I’ve been wrestling with the idea of privilege, more specifically, financial privilege. Unbeknownst to me, I’ve associated privilege with self-aggrandizement, complacency, entitlement, and hubris subconsciously. Which conflicted with my achievement focused, security seeking conscious mind.
That association runs deep. I have an almost visceral aversion to financial privilege because I’m afraid it will change me, that I’ll turn into the kids I went to high school with, whose comfort and confidence seemed completely foreign to my upbringing. My aunt, who raised me, didn’t understand; she thought I hadn’t yet suffered enough to know life’s hardships the way she did.
Over time, I internalized a belief that having financial privilege meant being a selfish and disconnected person deprived of empathy for others’ suffering. The auto-translation on a subconscious level was to have money was to lose empathy. That belief shaped how I viewed not just wealth, but myself. It’s much more nuanced than ‘rich people are evil’, I boiled down the self-defeating beliefs down in detail so I know what thoughts/beliefs to tackle in order to unlearn what I had ‘caught’ growing up in my environment. It’s easy to think ‘oh, she just doesn’t want to be perceived as a bad person’, but the truth is I don’t care about the optics. I am more concerned that I AM a bad person for wanting more and not accepting my lot in life with a smile. Written down, it sounds ridiculous but it’s the catch-22 of being rebellious.

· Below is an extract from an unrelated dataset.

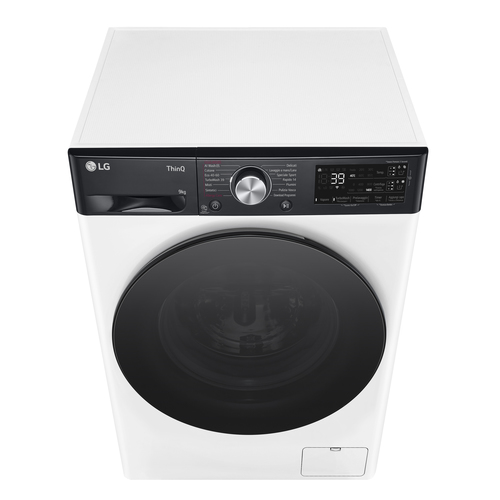 LG F4R7509TSWB washing machine Front-load – image 9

Looking back, I can see how that mindset fed into self-abandonment. I constantly minimized my struggles, convincing myself that everyone else had it worse, that my pain didn’t count. My suffering became something to hide, not acknowledge.

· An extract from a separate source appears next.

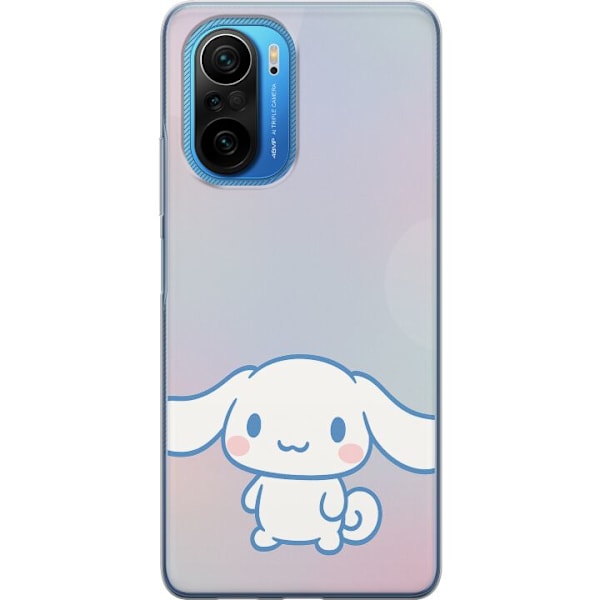 Xiaomi Poco F3 Gennemsigtig cover Kawaii Sanrio Cinnamonroll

Now, when I think of my aunt at my age, I recognize the echoes of her beliefs in me. It’s unsettling—almost terrifying—to realize how deeply this pattern runs. My relationship with money remains conflicted: I eagerly seize opportunities to succeed, yet recoil when they involve financial gain. Somewhere inside, that old fear still whispers that prosperity and compassion can’t coexist.